One thing I have to mention that was not mentioned in Part 7 was the business of off-site farms. I mention that to show the sort of administration that needed to be reformed—that is, over the years, in many parts of the country, aquaculture farmers, through the best will in the world I am sure, have let their farms become off-site. In other words, they are not where they are supposed to be on the sea floor. They are not in the right space, like some members of the National Party at the present time. They are not quite in the right space. Aquaculture farmers have to bring back their farms into the space that they are supposed to occupy.
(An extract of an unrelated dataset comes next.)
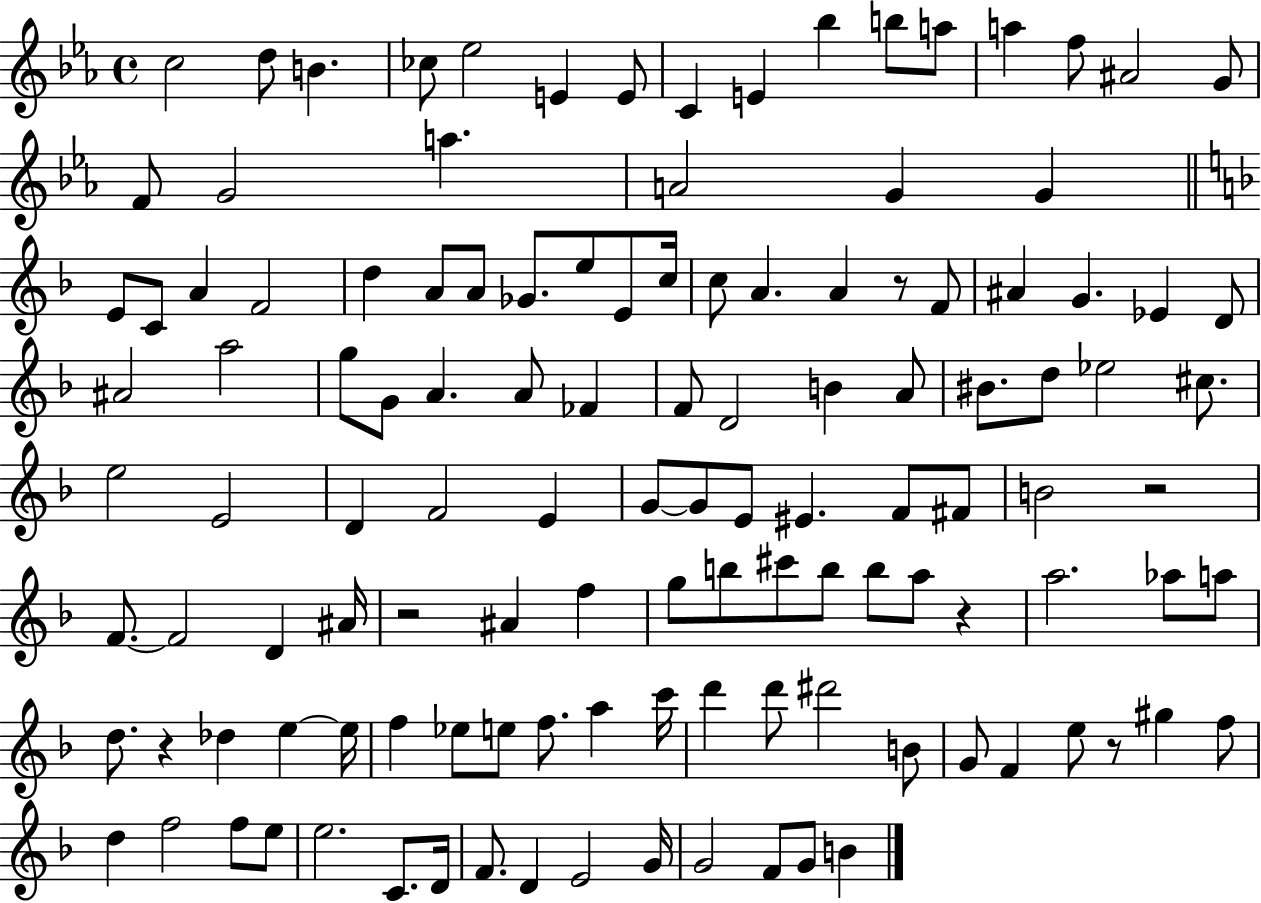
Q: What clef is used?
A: treble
That is all very well, and so on, but who will pay for that? New Zealand First implores the Minister to give some consideration to helping local councils with that, because it was lack of oversight and control by the Ministry of Fisheries that has enabled those situations to happen. We see it as hardly fair to now require local councils to put those things right. We implore the Minister to look at that and to be understanding of that particular matter.
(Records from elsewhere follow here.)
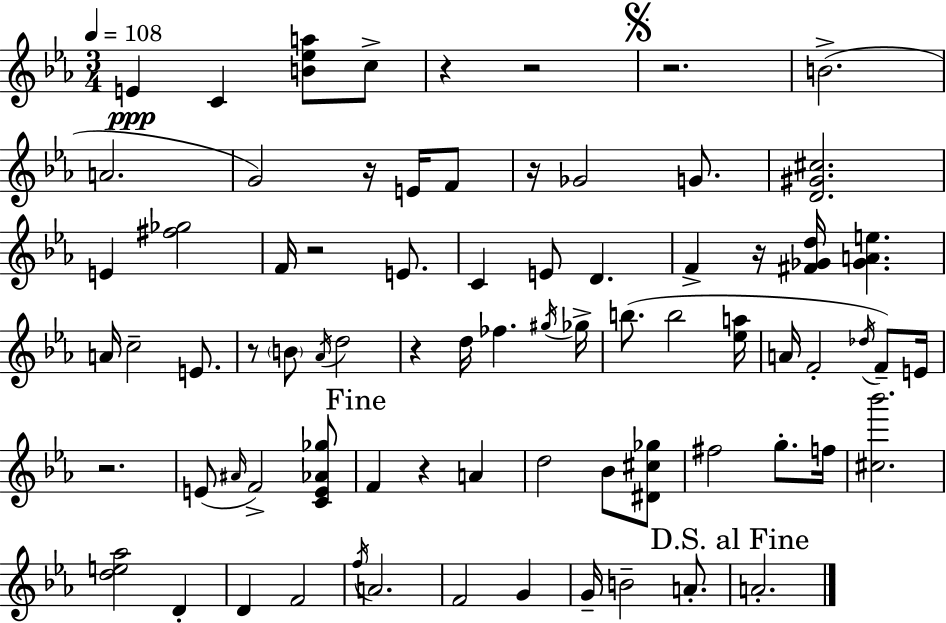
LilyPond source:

{
  \clef treble
  \numericTimeSignature
  \time 3/4
  \key ees \major
  \tempo 4 = 108
  e'4\ppp c'4 <b' ees'' a''>8 c''8-> | r4 r2 | \mark \markup { \musicglyph "scripts.segno" } r2. | b'2.->( | \break a'2. | g'2) r16 e'16 f'8 | r16 ges'2 g'8. | <d' gis' cis''>2. | \break e'4 <fis'' ges''>2 | f'16 r2 e'8. | c'4 e'8 d'4. | f'4-> r16 <fis' ges' d''>16 <ges' a' e''>4. | \break a'16 c''2-- e'8. | r8 \parenthesize b'8 \acciaccatura { aes'16 } d''2 | r4 d''16 fes''4. | \acciaccatura { gis''16 } ges''16-> b''8.( b''2 | \break <ees'' a''>16 a'16 f'2-. \acciaccatura { des''16 }) | f'8-- e'16 r2. | e'8( \grace { ais'16 } f'2->) | <c' e' aes' ges''>8 \mark "Fine" f'4 r4 | \break a'4 d''2 | bes'8 <dis' cis'' ges''>8 fis''2 | g''8.-. f''16 <cis'' bes'''>2. | <d'' e'' aes''>2 | \break d'4-. d'4 f'2 | \acciaccatura { f''16 } a'2. | f'2 | g'4 g'16-- b'2-- | \break a'8.-. \mark "D.S. al Fine" a'2.-. | \bar "|."
}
The 20 percent allocation to Māori, my goodness me, has caused a furore, and National and ACT have got really excited about that. I would just mention again, for the fourth time, that the precedent for the 20 percent was set by the National Party back in 1992. At the time, my leader and his brother, carried on by a third brother in Parliament today, said when they were part of the National Party that those things would happen, and they have. This Aquaculture Reform Bill could not have been passed without the 20 percent allocation in it. Quite clearly, that would otherwise have been challenged in the court, and those challenges would have succeeded.
I wanted to mention where New Zealand First was coming from on those issues and say that they were mentioned by the Peters brothers many years ago when the precedents were jammed through the House by the then National Government. It is no use those National members wimping on about a 20 percent allocation, when the 20 percent precedent was set by the National Government. If that was not continued, clearly it would have been open to challenge. Whatever the people of the day thought and whatever was written down, we are dealing with those things now.
So I think the title is particularly apt. New Zealand First is supporting the bill. Those involved in aquaculture have our support and regard. I am sure they will carry on to make this the wonderful industry that it has been from the start, and will continue to be.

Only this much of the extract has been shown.